PARIS: France’s top court on Wednesday ruled against reopening an investigation into the 2016 death of a young black man in police custody, confirming a previous decision to dismiss the case against three arresting officers.
The Court of Cassation’s decision definitively closes the case nearly a decade after the death of 24-year-old Adama Traore following his arrest in the Paris suburb of Beaumont-sur-Oise, a fatality that triggered national outcry over police brutality and racism.
Traore’s family was contesting a 2024 appeal court ruling confirming a prior decision to drop the case, after an investigation led to no charges against the military policemen — or gendarmes — involved and therefore no case in court.

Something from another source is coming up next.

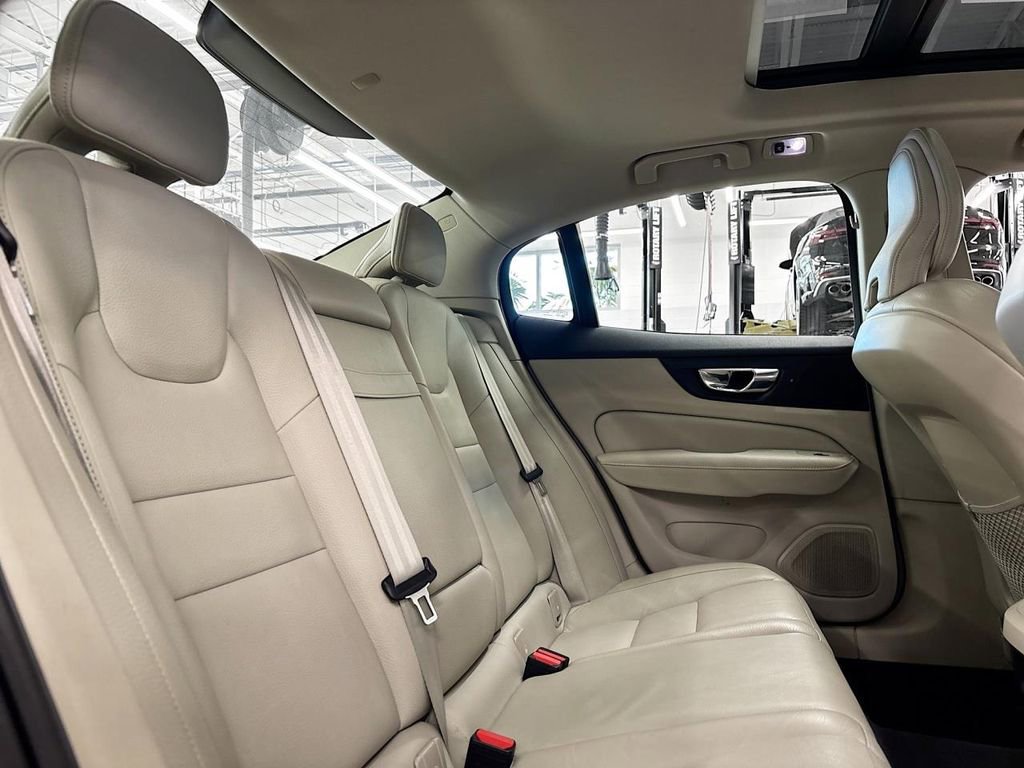 Used 2021 Volvo S60 T5 Momentum image 16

A lawyer representing his family announced after Wednesday’s ruling they would take the case to the European Court of Human Rights to “have France convicted.”
Three gendarmes pursued the young man on July 19, 2016, when temperatures reached nearly 37C, pinning him down in an apartment, after which he told officers he was “having trouble breathing.”
He then fainted during the journey to a gendarmerie station, where he died.
’Probably’ not fatal
In 2023, French investigating magistrates dropped the case against the three gendarmes, in a ruling that was upheld on appeal in 2024.
They had been tasked with probing whether the three arresting officers used disproportionate force against Traore during a police operation targeting his brother, Bagui.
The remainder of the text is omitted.